PROBLEM REQUIREMENTS — Your copy of the listing must be exact and must hold no images.

PROVIDED MATERIAL —
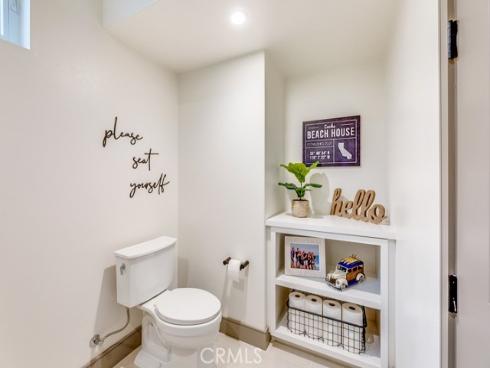 207  1st  , Seal Beach, CA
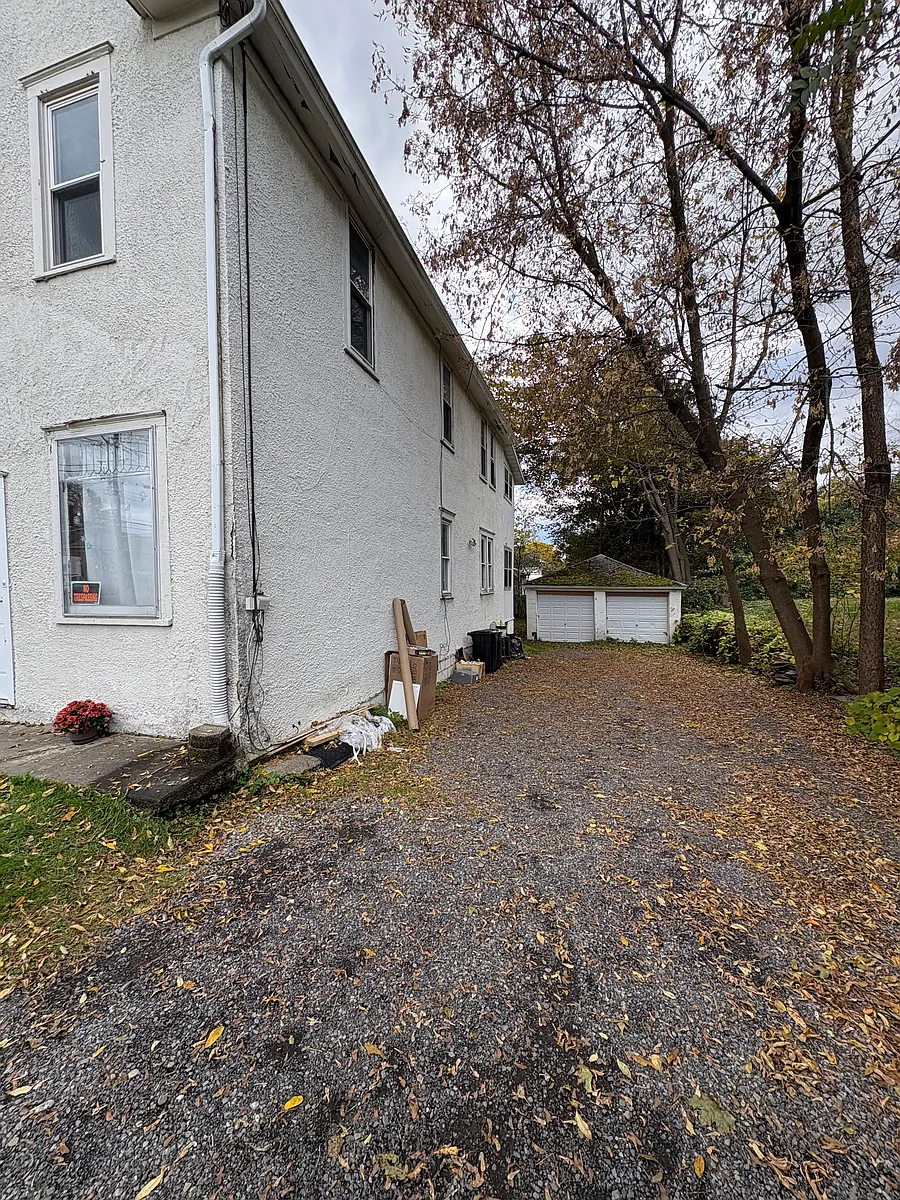 Building Photo - 100 Harry L Dr #1
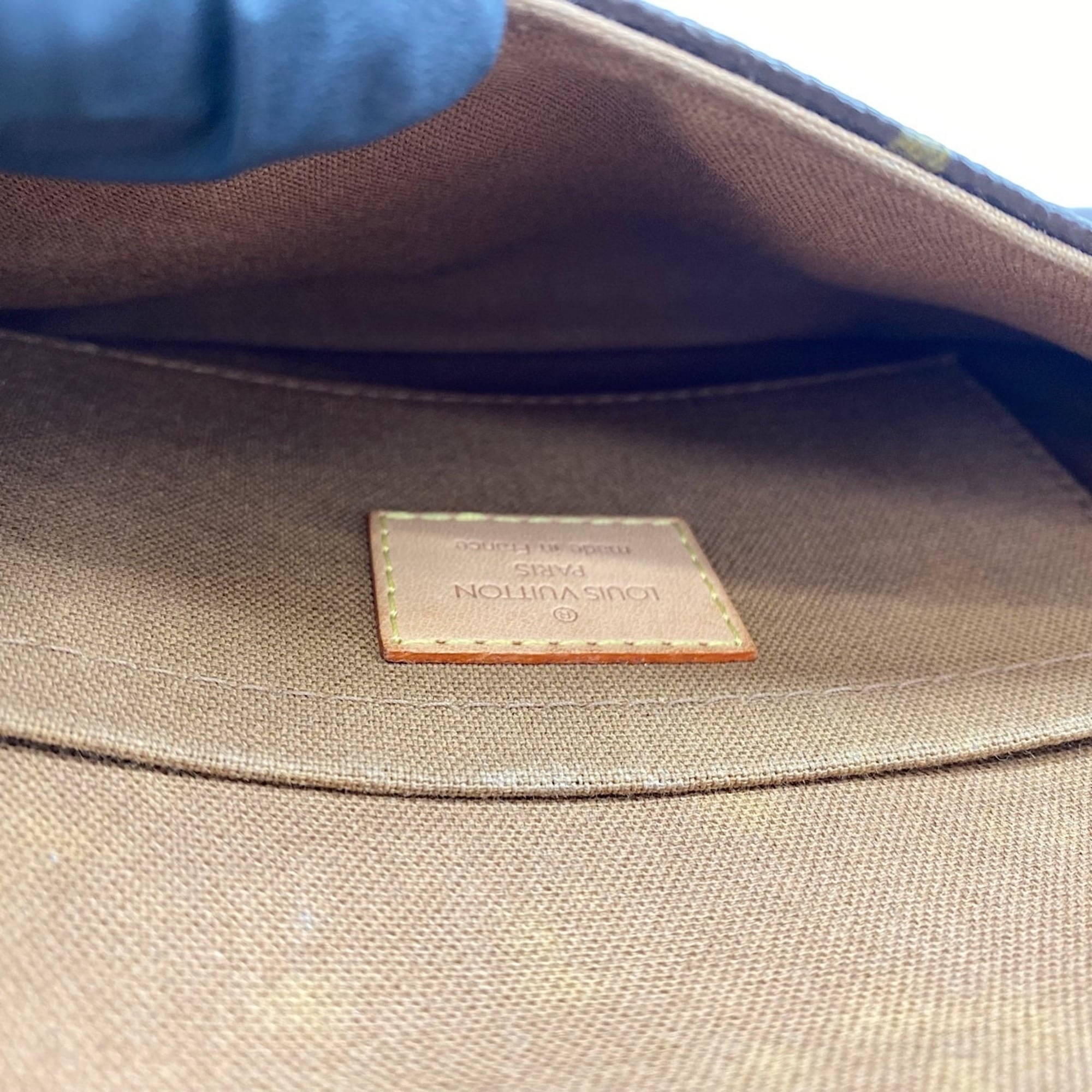 Louis Vuitton Brown Pochette Shoulder Bag (Pre-Owned)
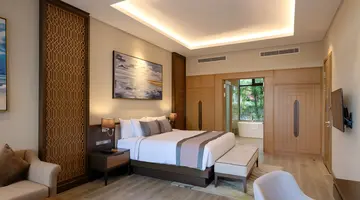 WYNDHAM GRAND KN PARADISE CAM RANH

ANSWER SPACE —
 207  1st  , Seal Beach, CA
 Building Photo - 100 Harry L Dr #1
 Louis Vuitton Brown Pochette Shoulder Bag (Pre-Owned)
 WYNDHAM GRAND KN PARADISE CAM RANH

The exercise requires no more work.